4. 65歳以上の夫婦無職世帯における老後の家計収支

老後の生活をより具体的にイメージするために、現在のシニア世代がどのような家計収支で暮らしているのか、実際のデータを見てみましょう。

総務省統計局の「家計調査報告 家計収支編 2025年(令和7年)平均結果の概要」によると、65歳以上で無職の夫婦世帯における平均的な家計収支は以下のようになっています。

4.1 収入の内訳:平均月収25万4395円

■うち社会保障給付(主に年金):22万8614円

4.2 支出の内訳:平均月支出29万6829円

■うち消費支出:26万3979円

  • 食料:7万8964円
  • 住居:1万7739円
  • 光熱・水道:2万3540円
  • 家具・家事用品:1万1237円
  • 被服及び履物:5354円
  • 保健医療:1万7941円
  • 交通・通信:3万1325円
  • 教育:0円
  • 教養娯楽:2万6538円
  • その他の消費支出:5万1341円
    • うち諸雑費:2万2047円
    • うち交際費:2万3257円
    • うち仕送り金:1135円

■うち非消費支出:3万2850円

  • 直接税:1万2547円
  • 社会保険料:2万296円

4.3 月々の家計収支バランス

  • ひと月の赤字:4万2434円

このデータから、現在のシニア世代の平均的な暮らしでは、毎月約4万2000円の赤字が発生していることがわかります。

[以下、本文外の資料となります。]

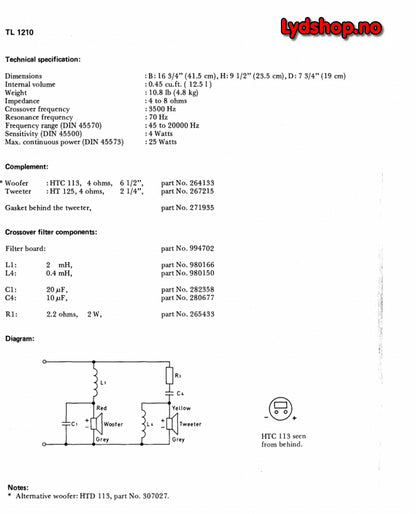 DELEFILTER TIL TIL TL1210, brukt (K1O303)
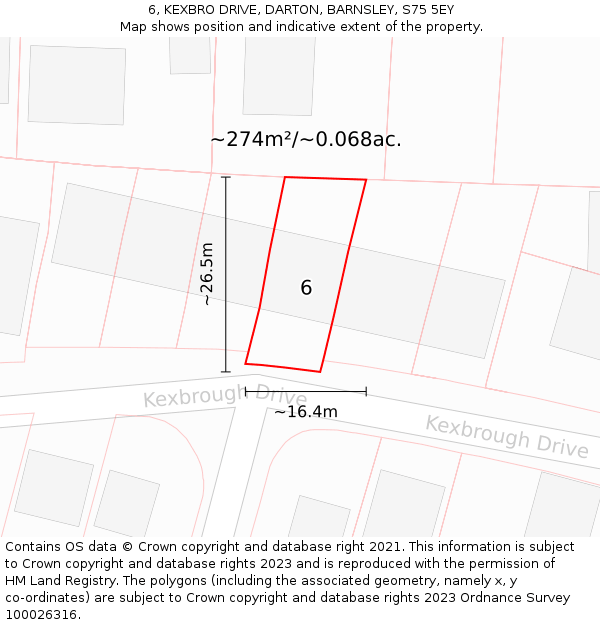6, KEXBRO DRIVE, DARTON, BARNSLEY, S75 5EY: Plot and title map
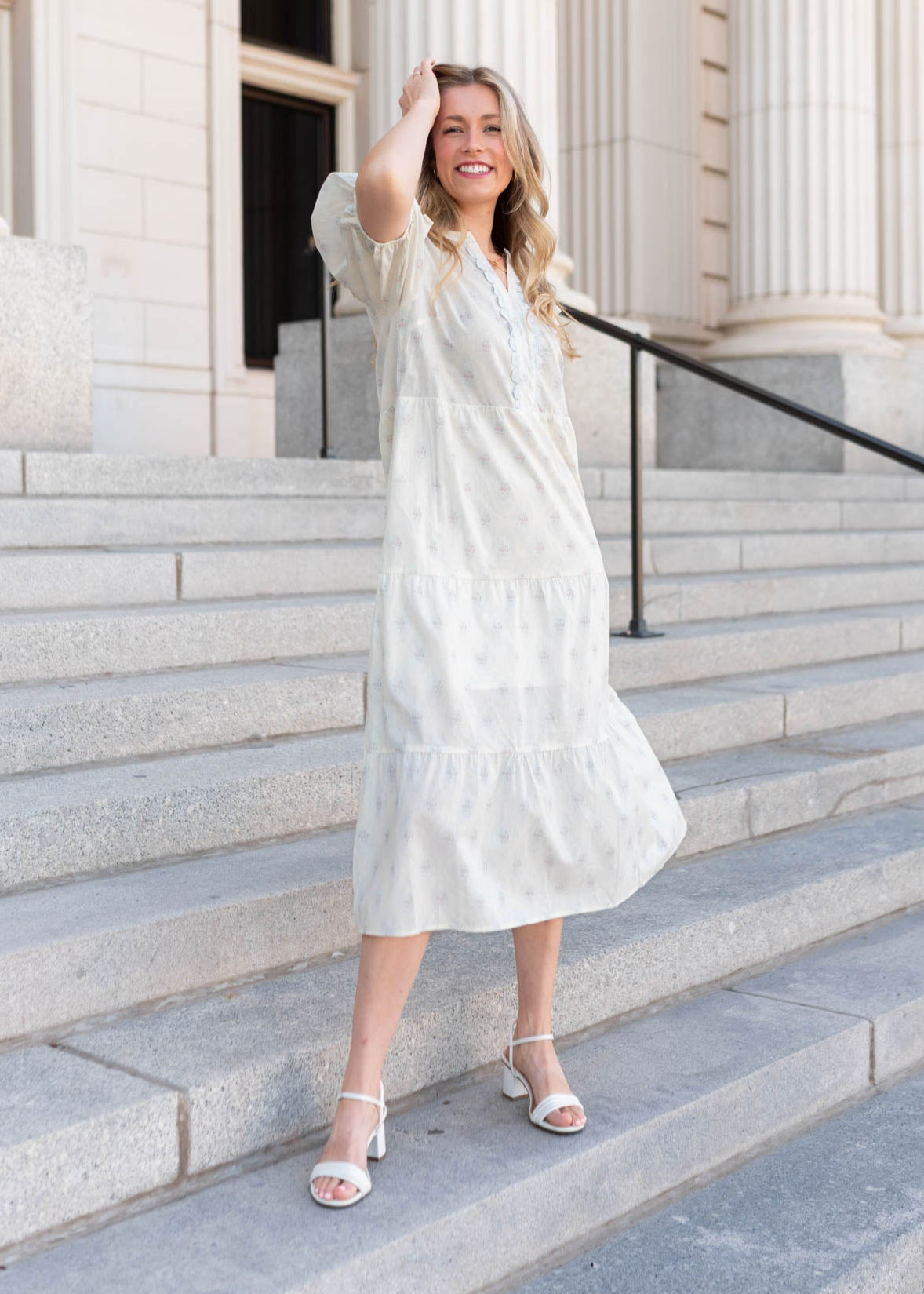 Nellie Vintage Cream Floral Dress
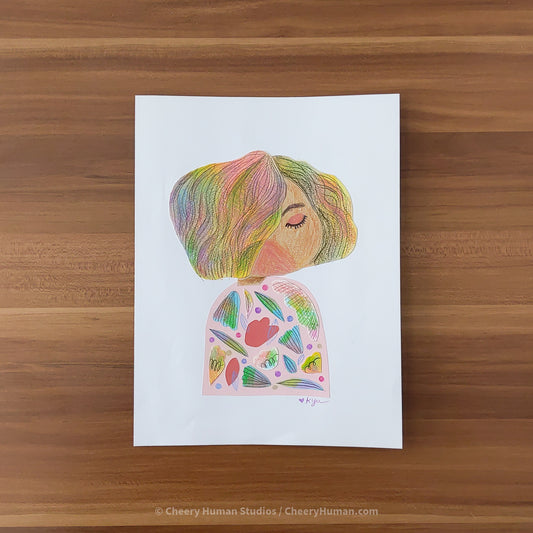 *PAPER ART ORIGINAL* Woman in Pink Floral 2 - Original Paper Cut Artwork ✺ Watercolor - Acryla Gouache - Colored Pencil Art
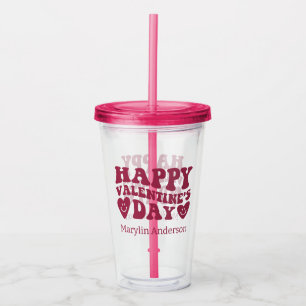 HAPPY VALENTINE'S DAY PINK GLITTER DRIP CUSTOM ACRYLIC TUMBLER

この不足分は、貯蓄を取り崩したり、何らかの方法で収入を増やしたりして補う必要があります。さらに、物価の上昇や社会保険料の負担増、増税などによって、この赤字額が将来的に拡大する可能性も考慮しておくことが大切です。

こうしたリスクも念頭に置きながら、老後の生活を安定して維持できるよう、計画的に準備を進めていくことが求められます。